Records excerpted from a collection
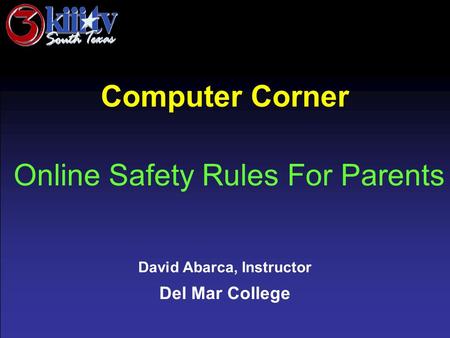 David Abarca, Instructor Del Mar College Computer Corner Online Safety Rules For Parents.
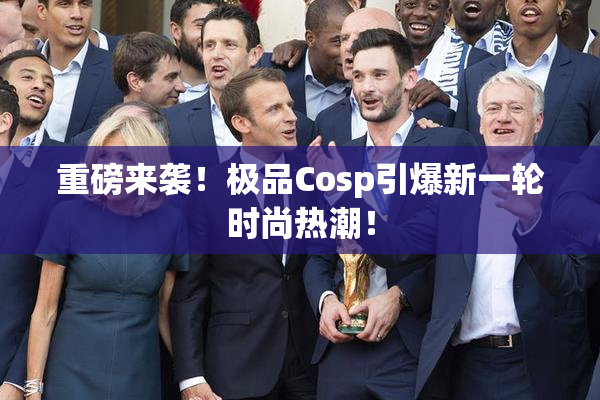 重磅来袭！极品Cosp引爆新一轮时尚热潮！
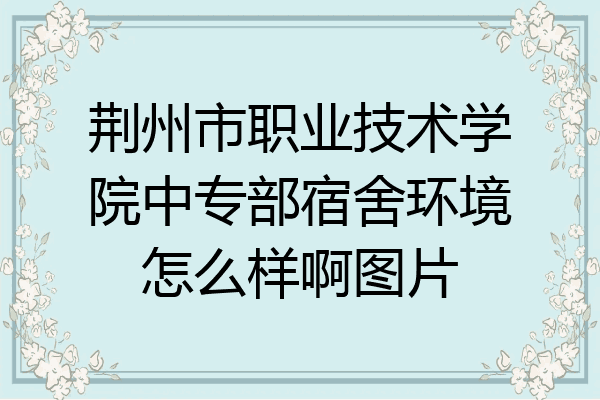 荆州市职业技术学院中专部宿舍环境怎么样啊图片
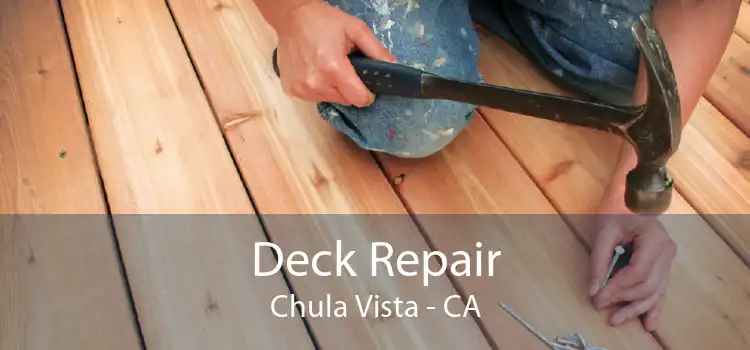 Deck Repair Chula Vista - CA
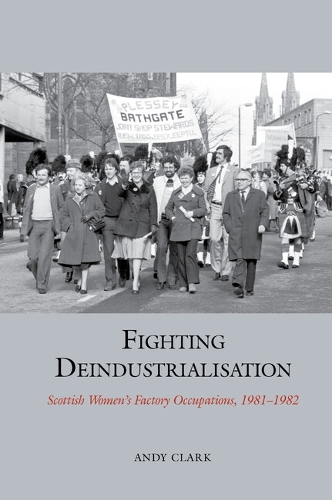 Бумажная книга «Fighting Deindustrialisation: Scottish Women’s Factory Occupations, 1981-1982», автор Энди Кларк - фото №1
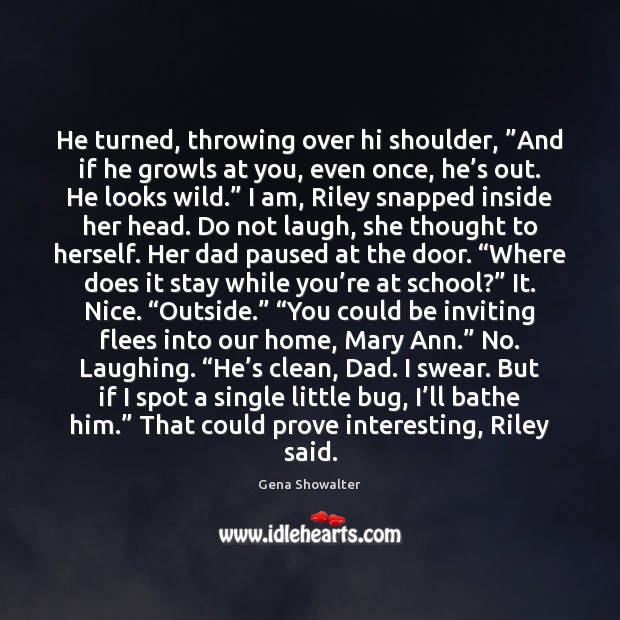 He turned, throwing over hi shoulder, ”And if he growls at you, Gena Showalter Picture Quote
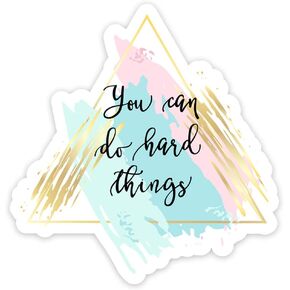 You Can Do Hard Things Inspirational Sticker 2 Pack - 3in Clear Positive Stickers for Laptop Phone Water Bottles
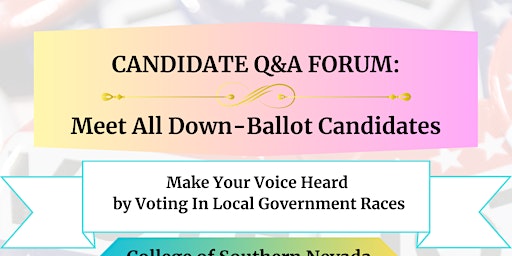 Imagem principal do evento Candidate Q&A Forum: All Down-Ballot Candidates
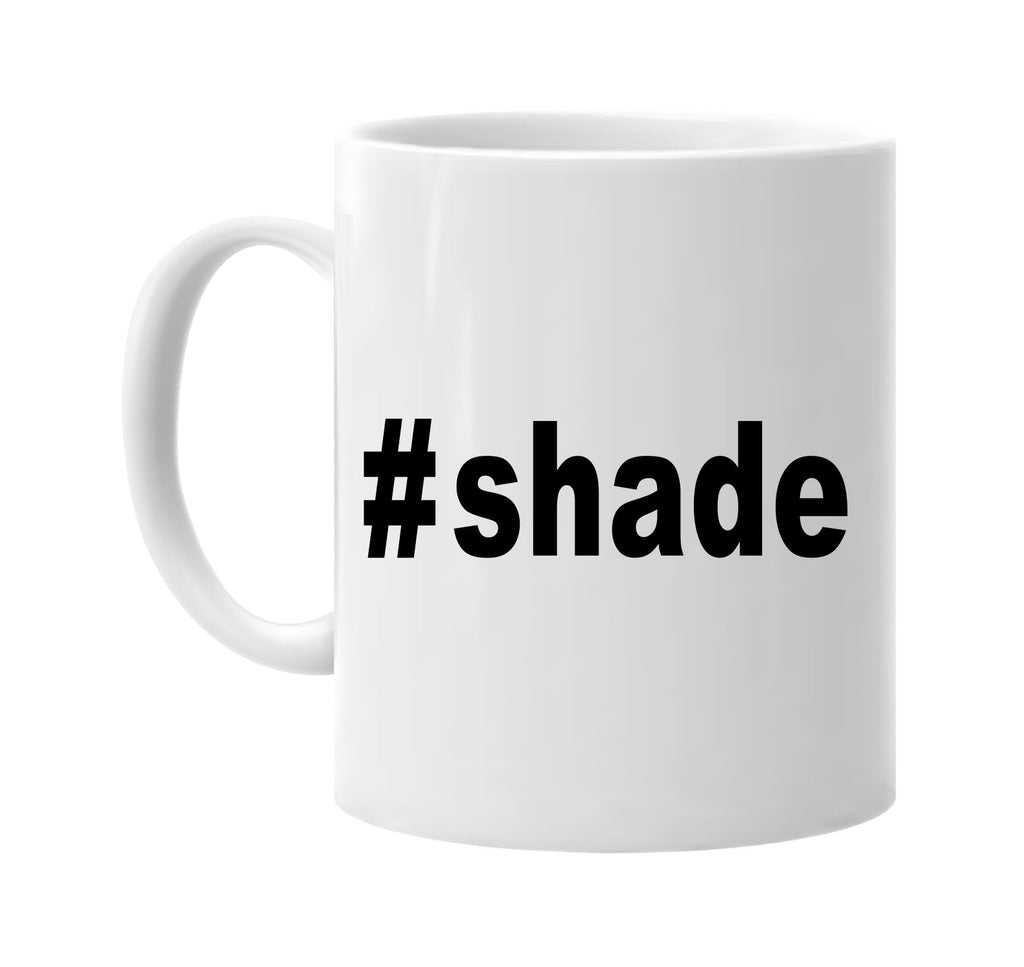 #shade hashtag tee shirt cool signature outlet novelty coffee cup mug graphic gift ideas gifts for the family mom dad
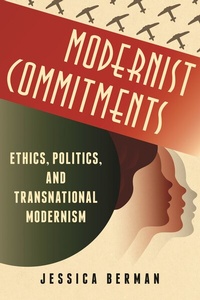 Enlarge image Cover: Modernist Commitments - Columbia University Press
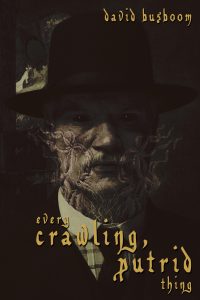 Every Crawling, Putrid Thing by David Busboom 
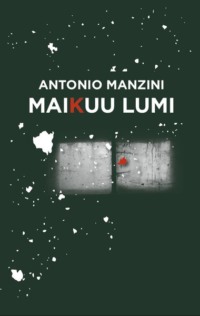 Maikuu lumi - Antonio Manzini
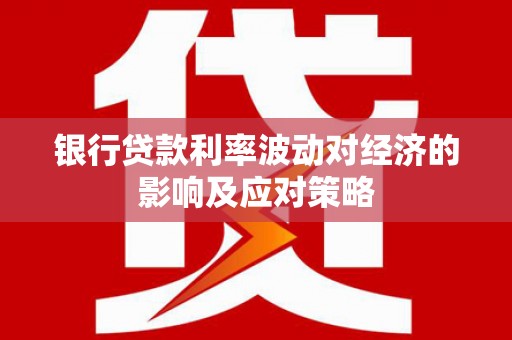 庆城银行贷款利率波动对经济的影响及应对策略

* * *

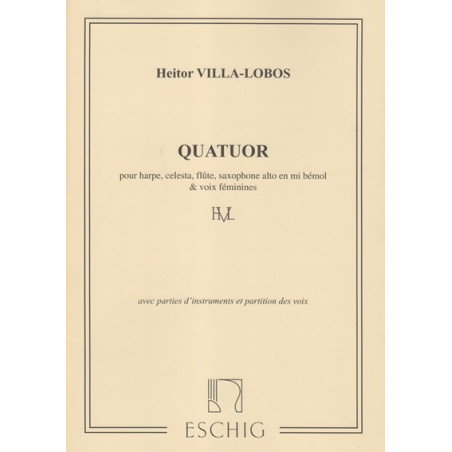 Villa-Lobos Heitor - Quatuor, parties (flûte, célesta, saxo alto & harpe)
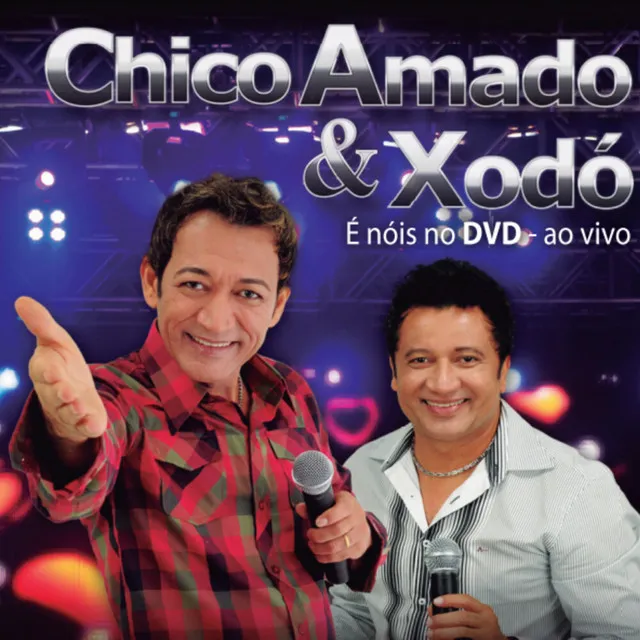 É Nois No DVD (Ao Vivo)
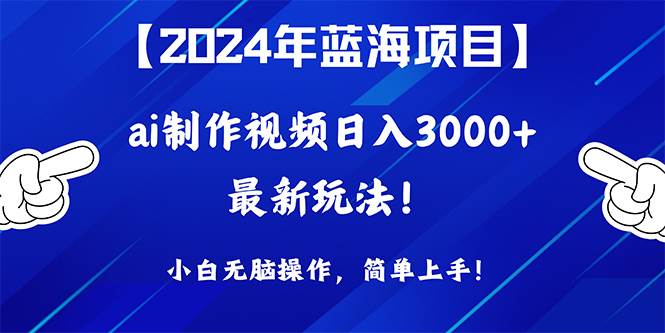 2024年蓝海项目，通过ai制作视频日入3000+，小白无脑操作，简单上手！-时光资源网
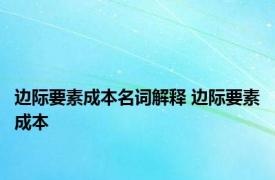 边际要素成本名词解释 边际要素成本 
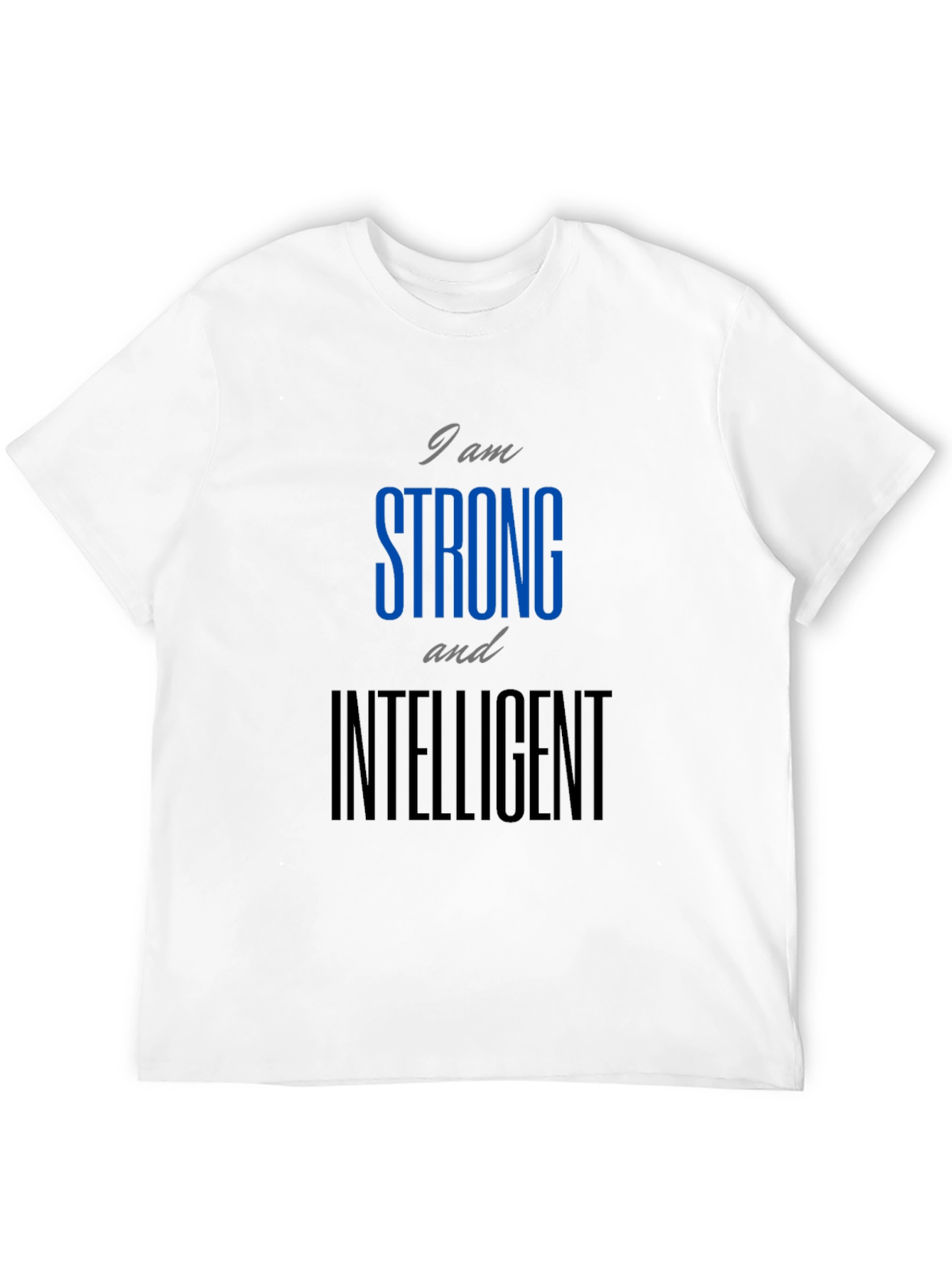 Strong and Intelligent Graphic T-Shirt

ABOUT THIS EXERCISE: Your answer should be the exact lines above from the one containing "荆州市职业技术学院中专部宿舍环境怎么样啊图片" through the one containing "Every Crawling, Putrid", with both end lines kept and the pictures removed, please.

RESPONSE TO THIS EXERCISE:
 荆州市职业技术学院中专部宿舍环境怎么样啊图片
 Deck Repair Chula Vista - CA
 Бумажная книга «Fighting Deindustrialisation: Scottish Women’s Factory Occupations, 1981-1982», автор Энди Кларк - фото №1
 He turned, throwing over hi shoulder, ”And if he growls at you, Gena Showalter Picture Quote
 You Can Do Hard Things Inspirational Sticker 2 Pack - 3in Clear Positive Stickers for Laptop Phone Water Bottles
 Imagem principal do evento Candidate Q&A Forum: All Down-Ballot Candidates
 #shade hashtag tee shirt cool signature outlet novelty coffee cup mug graphic gift ideas gifts for the family mom dad
 Enlarge image Cover: Modernist Commitments - Columbia University Press
 Every Crawling, Putrid Thing by David Busboom 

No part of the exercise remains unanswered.